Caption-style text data
- - -

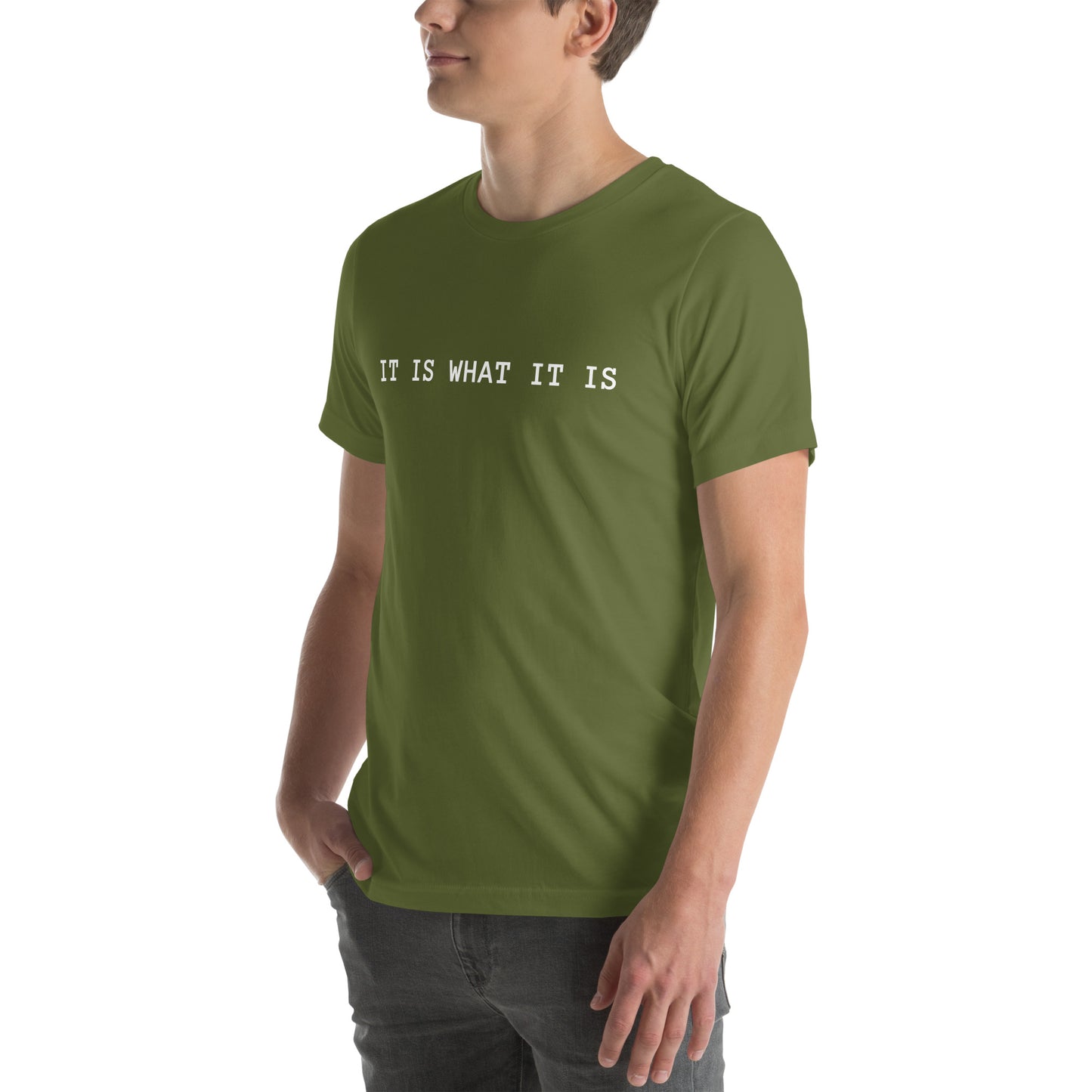 It Is What It Is T-Shirt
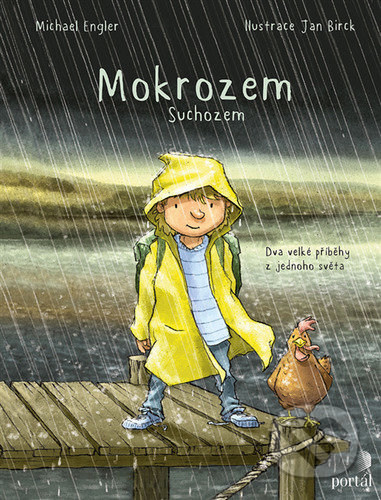 Mokrozem / Suchozem - Michael Engler, Jan Birck (ilustrátor), Joëlle Tourlonias (ilustrátor)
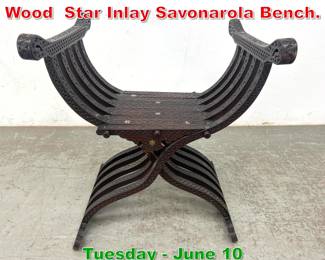 Lot 737 Vintage Eastern Carved Wood Star Inlay Savonarola Bench.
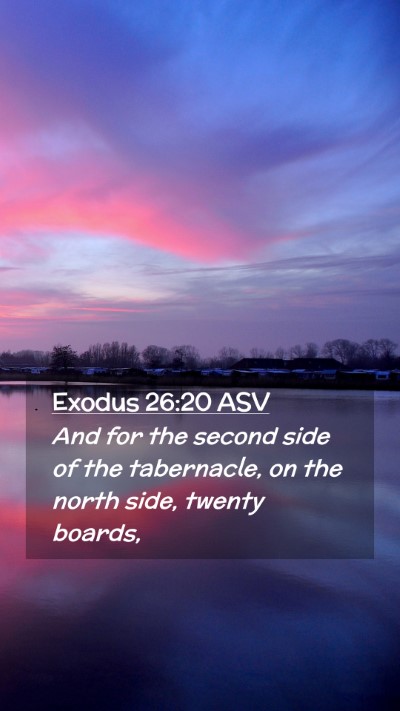 Picture 02 - Exodus 26:20 ASV Mobile Phone Wallpaper - And for the second side of the tabernacle, on the - Mobile Bible Verse Wallpaper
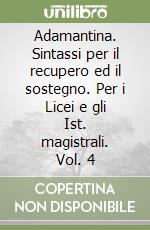 Adamantina. Sintassi per il recupero ed il sostegno. Per i Licei e gli Ist. magistrali. Vol. 4 libro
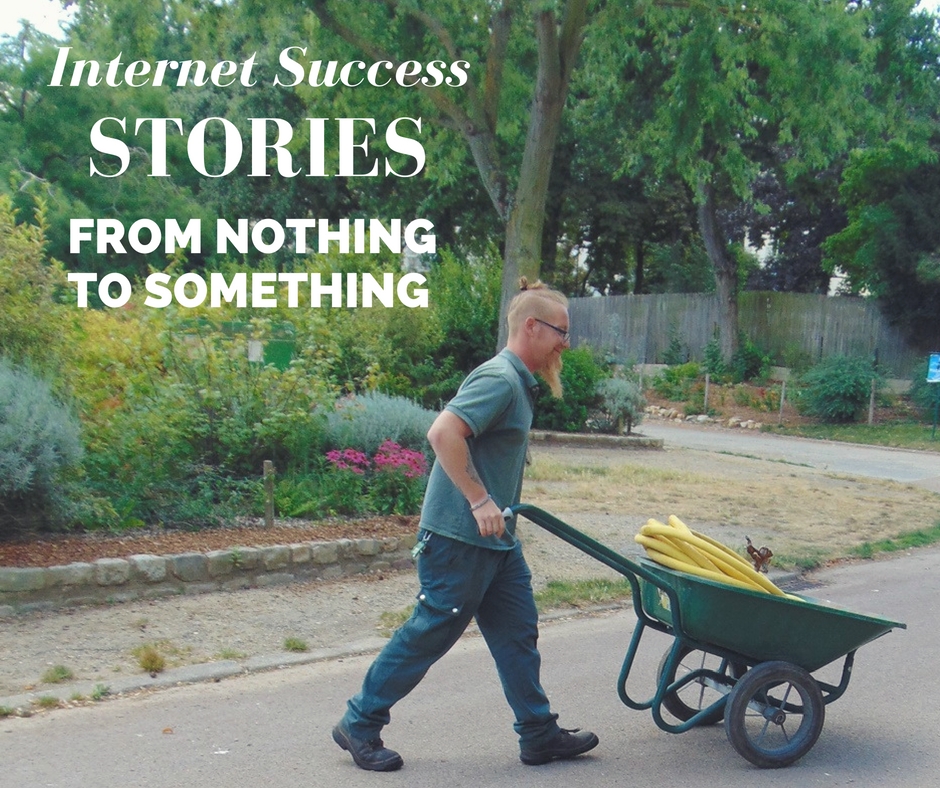 Internet Success Stories From Nothing To Something.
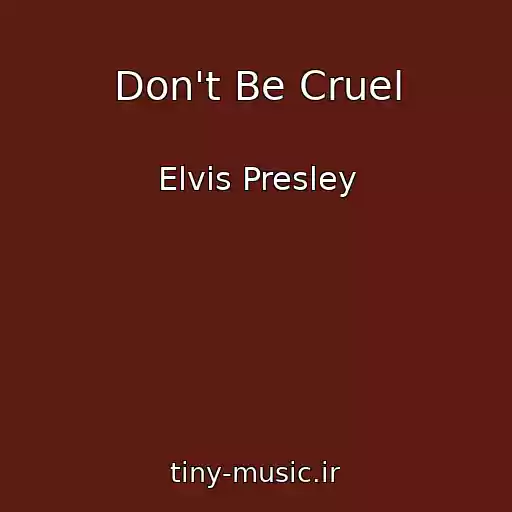 کاور آهنگ Don't Be Cruel از Elvis Presley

- - -

* _About this task_
Locate "Adamantina. Sintassi per" in the entries above. Copy, exactly and only, the lines from that line to the end, leaving out the pictures.

* _Task response_
 Adamantina. Sintassi per il recupero ed il sostegno. Per i Licei e gli Ist. magistrali. Vol. 4 libro
 Internet Success Stories From Nothing To Something.
 کاور آهنگ Don't Be Cruel از Elvis Presley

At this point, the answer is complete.